How cycling impacts on the foot
Cycling requires the entire lower body to function as a harmonious unit and bring sufficient force down on the bicycle pedal to move forward. This tremendous force begins in the hip joint and thigh muscles, and passes through the ball of the foot to the pedal. As long as the bones, muscles, and joints of the lower extremity are properly aligned with each other, there is an efficient and pain-free excursion of the pedal. Deviations from this alignment may eventually cause foot, ankle, lower leg, knee, thigh or hip pain.
Potential problems and when to seek the help of a podiatrists
Every day, podiatrists treat cyclists who have sustained overuse injuries by pushing themselves beyond their limitations. Here are some of the most common cycling injuries and their causes. As with all athletic injuries, pain that is persistent indicates a need to seek treatment from a podiatrist familiar with cycling injuries.
Irritation and inflammation of the tendon that attaches to the back of the heel bone can be caused by improper pedalling, seat height, lack of a proper warm-up or over training.
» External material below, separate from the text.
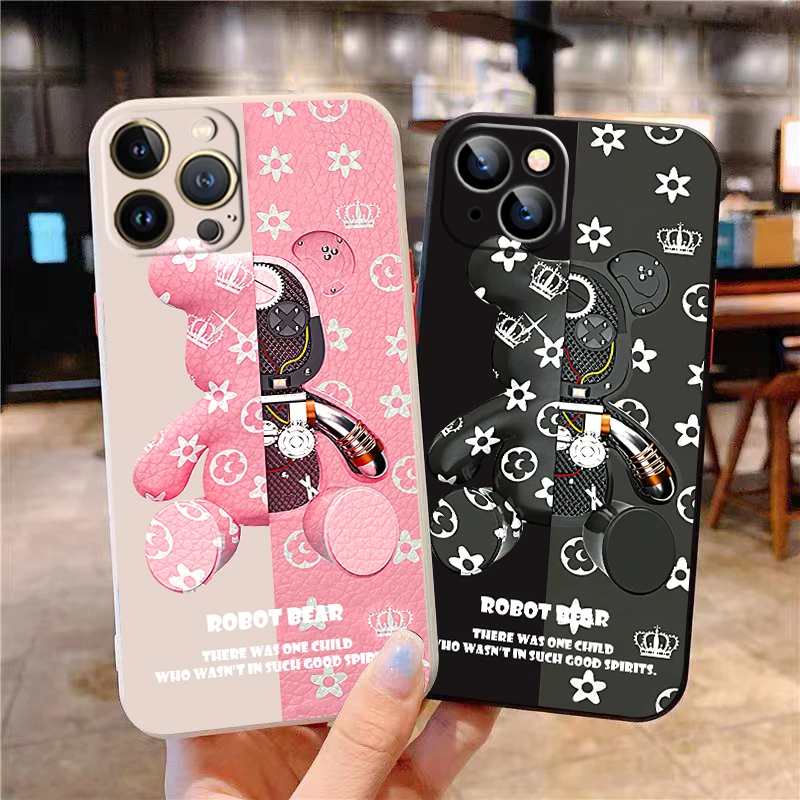 

Luxury bear Fashion For iPhone 13 12 11 Pro Max 12 13 Mini X XR XS Max 6 6s 7 8 Plus Phone case TPU Cover silicone funda Carcasa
This condition is usually seen in more experienced riders and can be treated with ice, rest, aspirin or other anti-inflammatory medications. Chronic pain or any swelling should be professionally evaluated.
Some intrinsic knee problems like swelling, clicking or popping should be immediately evaluated by a sports medicine specialist. Cartilage irritation or deterioration, usually under the kneecap, can be caused by a biomechanical imbalance, improper saddle height or faulty foot positioning on the pedals.
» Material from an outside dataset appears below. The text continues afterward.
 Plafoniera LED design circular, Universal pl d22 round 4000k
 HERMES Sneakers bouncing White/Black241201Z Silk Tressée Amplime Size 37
Impingement of small nerve branches between the second and third or third and fourth toes can cause swelling that results in numbness, tingling, or burning, or sharp shooting pains into the toes. Wider shoes, or loosening toe straps or shoe laces can alleviate the problem. If the problem persists, try a clipless shoe system. Numbness or tingling with leg pain may represent a serious problem known as “acute compartment syndrome”, which requires immediate medical attention.
Sometimes known as the “ball bearings of the foot”, the sesamoids are two small bones found beneath the first metatarsal bones; the sesamoids can inflame or rupture under the stress of cycling. Sesamoiditis can be relieved with proper shoe selection and orthoses.
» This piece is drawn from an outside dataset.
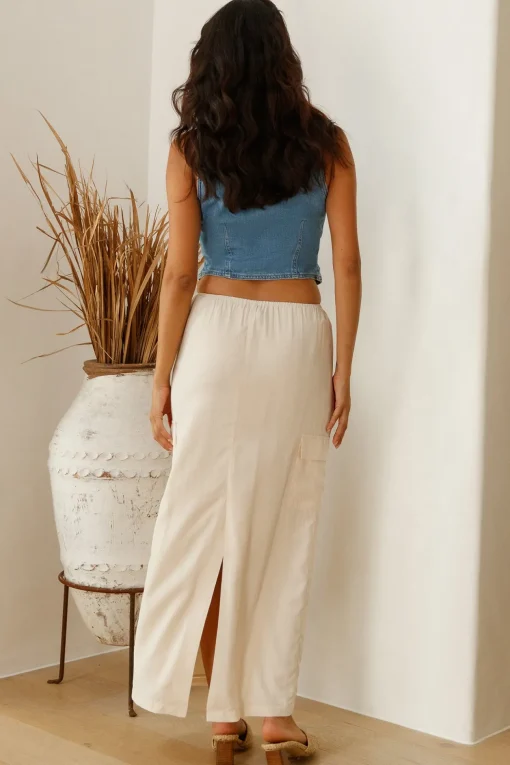 SEVEN WONDERS Picilo Long Midi Skirt Stone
Pain to either side of the leg bone, caused by muscle or tendon inflammation. This may be related to a muscle imbalance between opposing muscle groups in the leg. It is commonly related to excessive foot pronation (collapsing arch). Proper stretching and corrective orthoses for pronation can help prevent shin splints.
Besides selecting a bicycle that meets your specific needs, proper shoes are the most important piece of cycling equipment. Cycling shoes must have a stable shank to efficiently transfer power from your feet to the pedals. The lack of shank support in sneakers allows the foot to collapse through the arch while pedalling, which may cause arch pain, tendon problems, or burning under the bottom of the foot. A rigid shank protects your feet from the stress of pedalling. Select a shoe that’s right for you among models designed for racing and mountain biking. For the casual rider without known foot problems, cross-
training shoes provide the necessary support across the arch and instep in a shoe that can be used for other purposes. They also provide the heel lift that cycling shoes give. Combination cycling-hiking shoes meet the needs of the casual rider well and have become popular recently.
- Carefully choose the shoes you will wear in cycling.
- Make sure your bike fits you properly.
- Warm up properly. Condition yourself safely in the off season.
- To stop pain before it starts, podiatrists advise stretching the major muscle groups used in cycling - the gluteals, the quadriceps, calves and hamstrings - before and after getting on the bike. Riders should start slowly and work up to normal cadence (rate of pedalling).
- Ensure the seat is at the proper height when knees are slightly flexed.